Abortion has become the most significant moral issue of the last half of the twentieth century in America. Do Orthodox Presbyterians believe that God's Word has anything to say about abortion?

The General Assembly of the Orthodox Presbyterian Church adopted a statement on children and abortion in 1971. It placed the denomination squarely in the pro-life camp. It reads in part:

Unborn children are living creatures in the image of God, given by God as a blessing to their parents. Between conception and birth they are the objects of God's particular providence and care as they are being prepared by God for the responsibilities and privileges of postnatal life. Scripture obligates us to treat unborn children as human persons in all decisions and actions involving them. They should not, therefore, be destroyed by voluntary abortion in the absence of valid medical grounds demonstrating the necessity of such abortion to save the mother's life. . . . Presbyteries, sessions and congregations [are] encouraged by the assembly to carry on further study of these matters, so that Christians may be better instructed concerning the Scriptural principles involved, and so that they might be motivated to take appropriate action relative to pending civil legislation or other pertinent situations in their communities.[1]

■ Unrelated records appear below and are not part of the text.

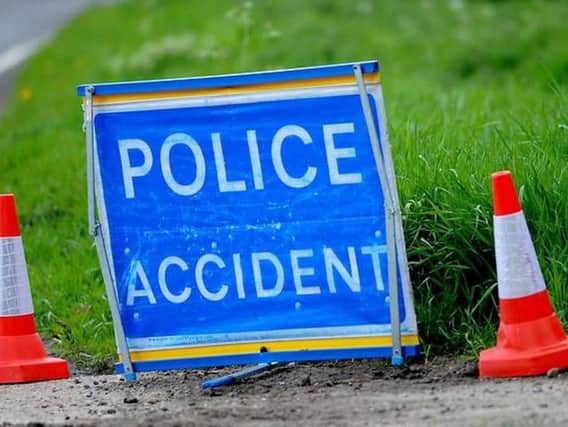 Burnley Road in Calderdale has been closed in both directions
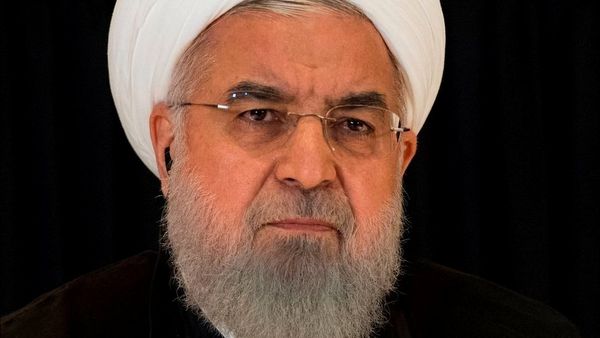 ईरान में CIA के जासूसों को मिली मौत की सज़ा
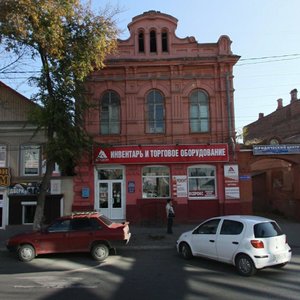 Астрахань, Адмиралтейская улица, 36: фото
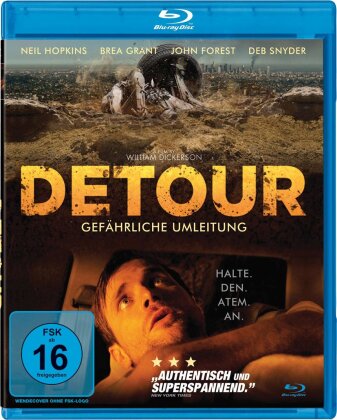 Detour - Gefährliche Umleitung (2013)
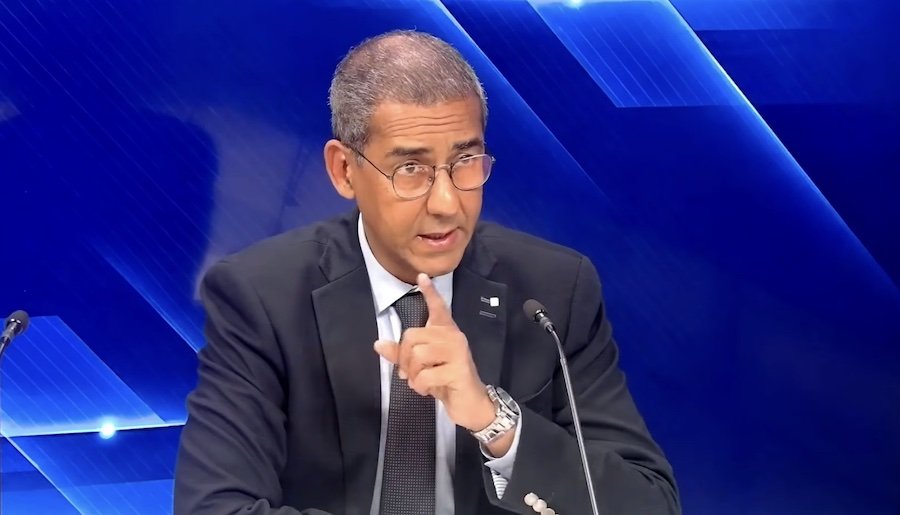 Osman Mahomed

A complete copy of the General Assembly's study on abortion may be obtained through your church's office [or by clicking here].

How did the OPC come to this position? As in all issues of morality, Christian behavior and action are to be decided not by the constantly changing trends of society, but by the unchanging standard of God's written Word.

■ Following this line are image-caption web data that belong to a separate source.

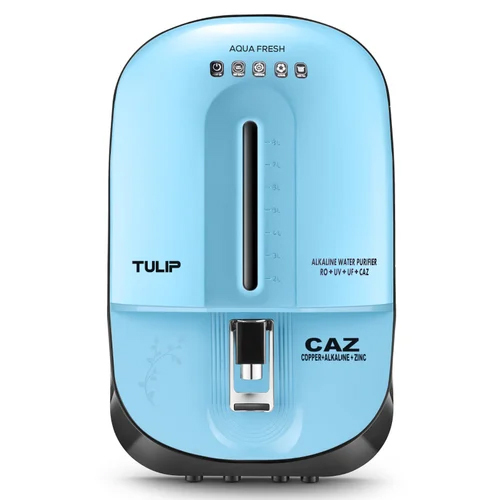 Alkaline Tulip Aqua Fresh Water Purifier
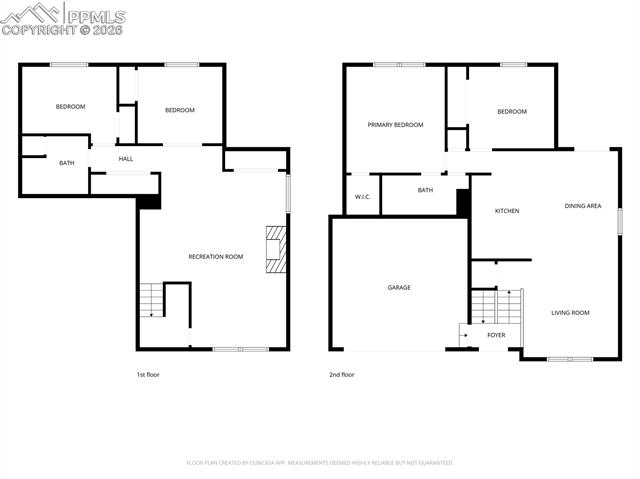 MLS Image for 8555  Ilex  ,Colorado Springs, Colorado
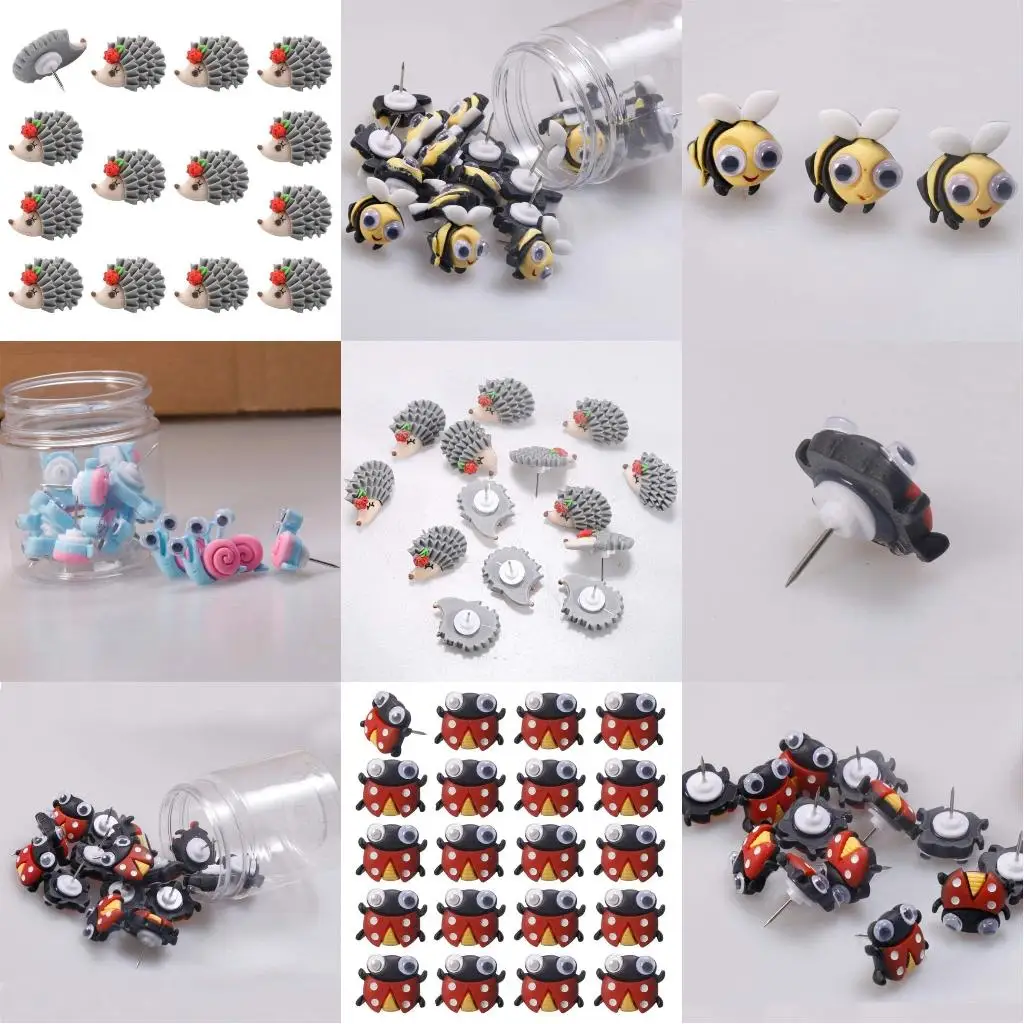 20 ПК мультфильм милый набор штифта для рисования
20 ПК мультфильм милый набор штифта для рисования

As we search the Scriptures for God's will concerning abortion, we find that the whole abortion issue can be reduced to one question: Is the fetus in the womb of the mother a human life? If the answer is yes, then abortion for the sake of convenience is murder, and the Christian church has the obligation to teach its members to protect and nourish the life of the unborn child. The sixth commandment gives an absolute prohibition against murder (Exodus 20:13), and so murder is never, under any circumstances, to be regarded as a moral option.

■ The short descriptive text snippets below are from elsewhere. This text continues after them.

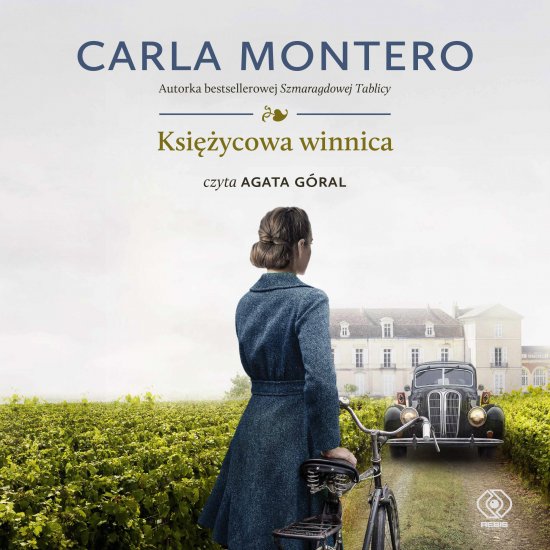 Ksi�ycowa winnica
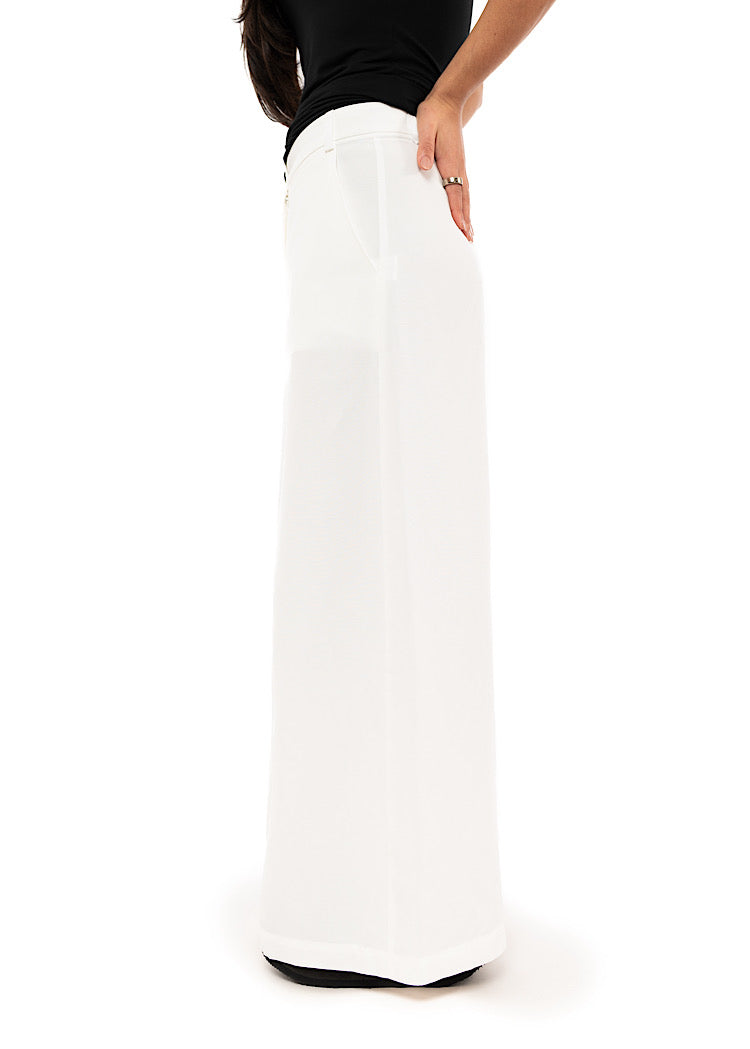 SARAH PACINI TROUSER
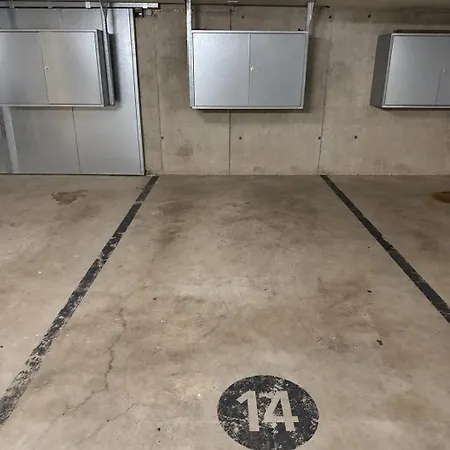 Apartment Laax Bike I Wandern I Board I I Parkplatz Flims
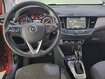 Occasion OPEL Crossland Crossland 1.2 Turbo 130 ch BVA6 - Elegance Business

Often supporters of abortion confuse the issue by pointing to the financial and emotional hardships that both mother and child will face if a pregnancy is carried to full term. Certainly, the pressing social hardships surrounding unwanted pregnancies are enormous, but if an unborn child is a human life, some way of treating the problem must be found other than licensing the hospitals and clinics of our nation to perform mass executions of unwanted children.

So is a fetus in the womb of the mother a human life? I believe the Bible answers with a resounding yes! Consider the following evidence:

1. God relates in a personal way to the unborn child (Pss. 139:13-14; 51:5; Jer. 1:5; Luke 1:44). He does so because the child is created in his image.[2]

2. The Bible teaches that both conception and birth occur because of the sovereign rule of God (Gen. 21:1-2; 30:1-2; 1 Sam. 1:19-20; Job 31:15; 33:4; Pss. 100:3; 127:3). "It would be a willful act of defiance against the Creator intentionally to kill an unborn child whose conception is so intimately a divine as well as a human act."[3]

3. The Greek word for "child" in Luke 2:12 (brephos) is used in Luke 1:41, 44 to refer to John the Baptist while he was in his mother's womb. A Hebrew word for "child" (yeled) is used of the unborn in the mother's womb (Ex. 21:22).[4]

4. Theologian John Jefferson Davis points out that "the personal history of the Son of God on earth begins not when he was 'born of the Virgin Mary,' but when he was 'conceived by the Holy Spirit.' His human history, like ours, began at conception."[5]

5. John the Baptist was filled with the Holy Spirit even while he was in his mother's womb (Luke 1:15).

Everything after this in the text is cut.